Кому страсть и смерть повеле молчати
Заставит камень о том вещати:
"За правду и верность правде нашу
Страданья и смерти испили чашу
Правдой Мазепы все вечно правы.
Правой, левой восставши главы
Не смущайся, тереби девица
Arbor, Lamiales, Cyclymenum,
Codium fragile, Chara vulgaris
И даже Fucus vesiculousus".
Прочитав текст, бедный старый Кочубей так и не смог понять, где же скрывается Мария. То ли она ушла на поиски правды, но где же тогда камень, на котором, как говорится в тексте, записано послание, оставленное ею тем, кто испил за нее полную чашу страдания? То ли она приняла смерть, заставившую ее естество замолчать навеки? Чьи головы должно посечь, чтобы узнать правду о девице Марии? Быть может, она убежала в Турцию?
Чуден турецкий край ночью. Когда море плещется о причал, мигают огоньки плавучего ресторанчика, и словно подыгрывая стихиям воды и огня, волнуется вино в бокале. Когда сквозь освежаемую легким бризом духоту доносится шепот платанов, пихт, кипарисов, кленов, туй, подокарпов, энцефаляртосов. Когда греется металлический поручень под взмокшей от неподвижности ладонью, зажавшей карандаш между линией жизни и эмалированной трубкой сиюминутной судьбы. Когда незнакомая девушка стоит в десяти метрах, опершись обнаженными локтями о бортик суденышка, и ветер волнует ее кисейную юбку, на глазах похотливого визионера обыгрывая лепку построек на заднем дворе. Интересно, куда она смотрит?

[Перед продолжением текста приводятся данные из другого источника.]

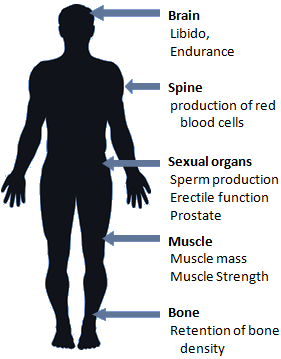 Physiological effects of testosterone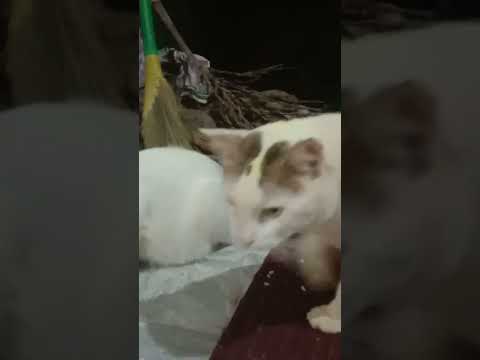 Dinku & Thor breakfast time | A new day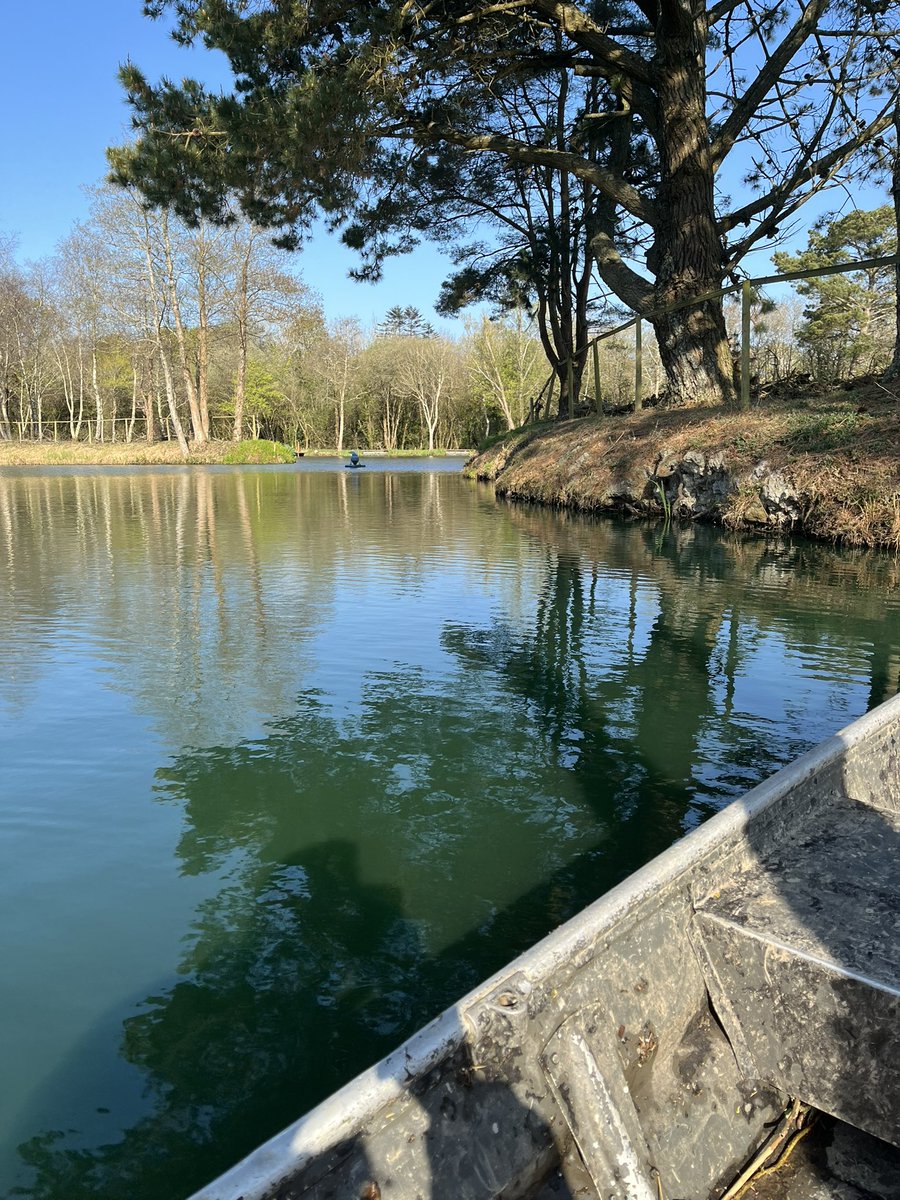 Ron_ejuleff's tweet photo. Had a Water Vole keeping me entertained this morning whilst waiting for the electrician to do his work. 😍👌@News_Reel #Whiteacres @Parkdeanresorts #Cornwall #Kernow https://t.co/r1AvlUtB1z
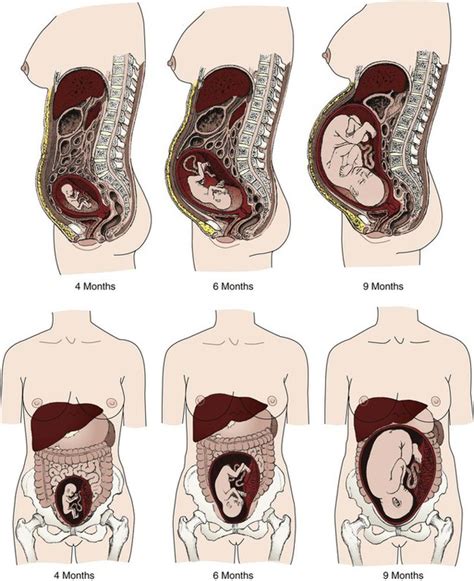 Anatomy And Physiology Of Pregnancy Nurse Key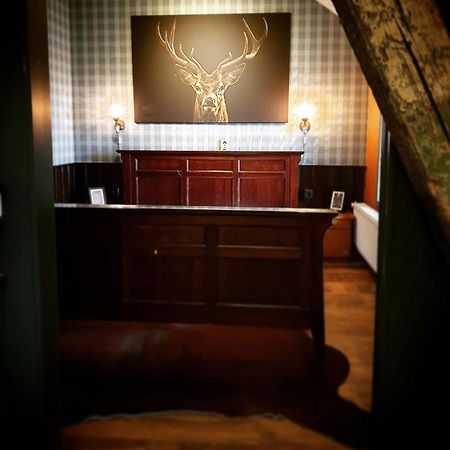 Logement Doosje Warfstermolen Экстерьер фото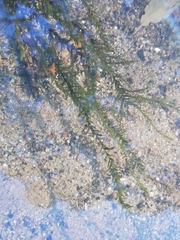 Egeria densa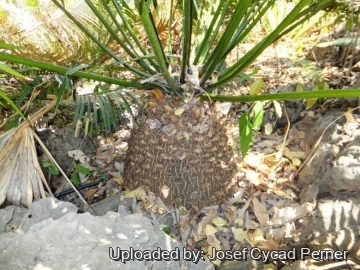 Cycas macrocarpa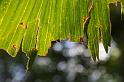 IMG_6821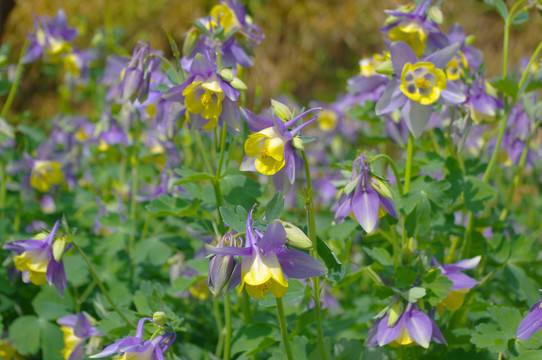 鲜花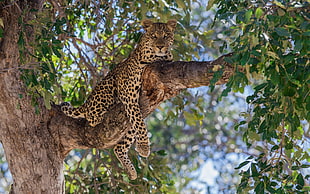 leopard resting on tree branch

Она смотрит вперед, не слыша ни шума моря, ни мыка пароходов, ни шепота туй, подокарпов, энцефаляртосов. Чуден турецкий край ночью. Кажется, что в мире есть только любовь и смерть. Или нет — есть только любовь, а смерти нет. Или да — нет любви, а значит, есть смерть. Или просто supplement, но anti-message: если есть бегство в Турцию, то есть и смерть в Турции, да, да, Садовое кольцо, мужики в зипунах, страховой полис, а там уж и смерть в результате несчастного случая, произошедшего во время предвижения на средстве транспорта зарегистрированного перевозчика, я — перевозчик, ja, ja. Sieh mir auf, на мои ветви с микростробилами и молодыми шишками — мозолистые от весел руки со следами от гнойничков, чересчур затянувшихся после укусов der Insekten. Но она смотрела мимо, не слыша ни шума моря, ни мыка пароходов, ни шепота платанов, пихт, кипарисов. Белки ее глаз замерли в неудобном положении, которое, однако, не хотелось поменять. Там, впереди, мимо, между двух огней, на палубе соседнего судна, опершись на облупленный борт, стоял человек и сплевывал в воду, наблюдая круги, расходящиеся по воде и под водою, где росли бурые, харовые, эвгленовые, синезеленые, прохлорофитовые водоросли. Это обычное человеческое действие казалось у него исполненным такого непреднамеренного величия, что любому постороннему наблюдателю становилось ясно: это лицо, облеченное властью. Некоторые детали в костюме незнакомца (в петлице две лиловые гвоздики, одна из которых уже побледнела и поникла головкой вниз) и мелкие жесты указывали на то, что властью этот человек пользуется умело и перестраиваемый им кусочек мира становится гармоничней с каждым днем. В его правом нагрудном кармане, налево от гвоздик, лежала записная книжка, он достал ее, вытащил из кожаного футлярчика карандаш и вдруг задергался, словно получив изрядную дозу электрического тока (эвгленовые, синезеленые, прохлорофитовые водоросли волновались в такт течению импульсов). Было видно, как загорелая кисть руки посинела, затем кожа облезла, обнажив бурое мясо, и человек побежал, страдая от боли, выронив записную книжку, один листок из которой понесся, подхваченный ветром, вдоль причала к пляжу, к играющим в песок детям. Семилетняя прелестная турчанка, ловко орудующая зеленым совком, поймала порхающий листок и просунула за тугую резинку малиновых трусиков. Вот что там оказалось написано:
Сквозь мал. глазок была видна почти вся сосед. комн. У окна, опершись животом на подоконник, резко освещ. торчащей прямо п. ним из стены электрич. лампочк., стоял Павел. Среднего роста, толст., грузн. господин. Лицо было еще гладкое, но щеки под тяжестью возраста уже немн. обвисли. Властные черн. усы торч. в стороны. Косо надетое, поблескивающ. пенсне скрыв. глаза. Жирн. пальцы повелителя мяли перо, из-под кот. свободно текли стихи:
Она меня зовет: поеду или нет?
Все слезы, жалобы, упреки… мочи нет —
Откланяюсь, пора — она мне надоела.
К тому ж и без нее мне слишком много дела.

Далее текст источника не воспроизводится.